1.7 Scope of the Study

The geographical scope of this study is south south Nigeria. The study focused on the following agencies and regulations with implications for accounting practice- Central Bank of Nigeria, (CBN), Corporate Affairs Commission, (CAC), Securities and Exchange Commission, (SEC), The Professional Accounting Bodies in Nigeria (The Institute of Chartered Accountants of Nigeria (ICAN)  and the Association of National Accountants of Nigeria (ANAN), National Insurance Commission, (NIC), Financial Reporting Council of Nigeria (FRCN), Companies and Allied Matters Act (CAMA), and the Banks and Other Financial Institutions Act (BOFIA).  The choice of these agencies and regulations was based on their relevance to financial reporting as observed by the World Bank (2004).  The study  covered the period 2012 to 2020 divided into two separate periods as follows-1 January 2012 to 31 December 2015 [as the pre- FRCN Act –self regulation period] and 1 January 2017 to 31 December 2020 [as the post-FRCN Act- statutory regulation period]. This means four consecutive years immediately before and after the effective date of the FRCN Act 2011.

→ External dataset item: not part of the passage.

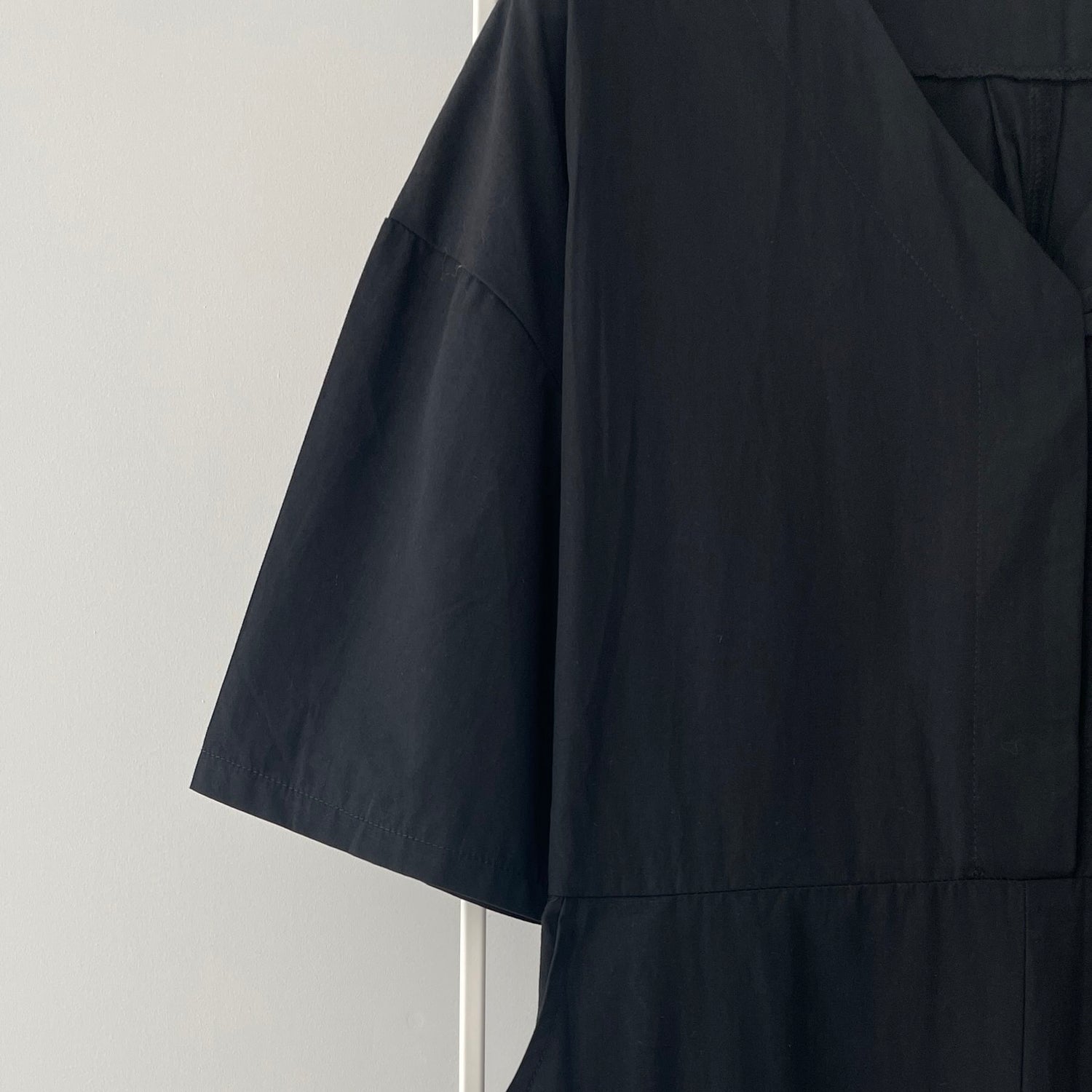 【SAMPLE】vneck all-in-one / black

The empirical analysis was carried out using data from selected companies quoted on the Nigerian Stock Exchange. Also, the views of compilers as well as users of accounting information were sought.  The Financial officers in some selected companies quoted on the Nigeria Stock Exchange represented the compilers while Investment analysts represented the users. The compilers and users were chosen for the study as respondents because their perception must be understood and managed before the effect of any agency or regulations can begin to have a broader appeal to other stakeholders. However, the investment analysts were chosen, first, because they are identified in the literature as the principal users of financial reports (Schipper, 2011; Bercel, 2014; Capstaff, Paudyal and Rees, 2010; Healy and Palepu, 2011; Clement and Tse, 2013; Mangena, 2014). Secondly, the work of investment analysts requires that they have the accounting knowledge to enable them analyze the reports and make decisions (Baker, 2018). Thus, the provision of information that meets the needs of the investment analysts is considered as also meeting most of the needs of other users.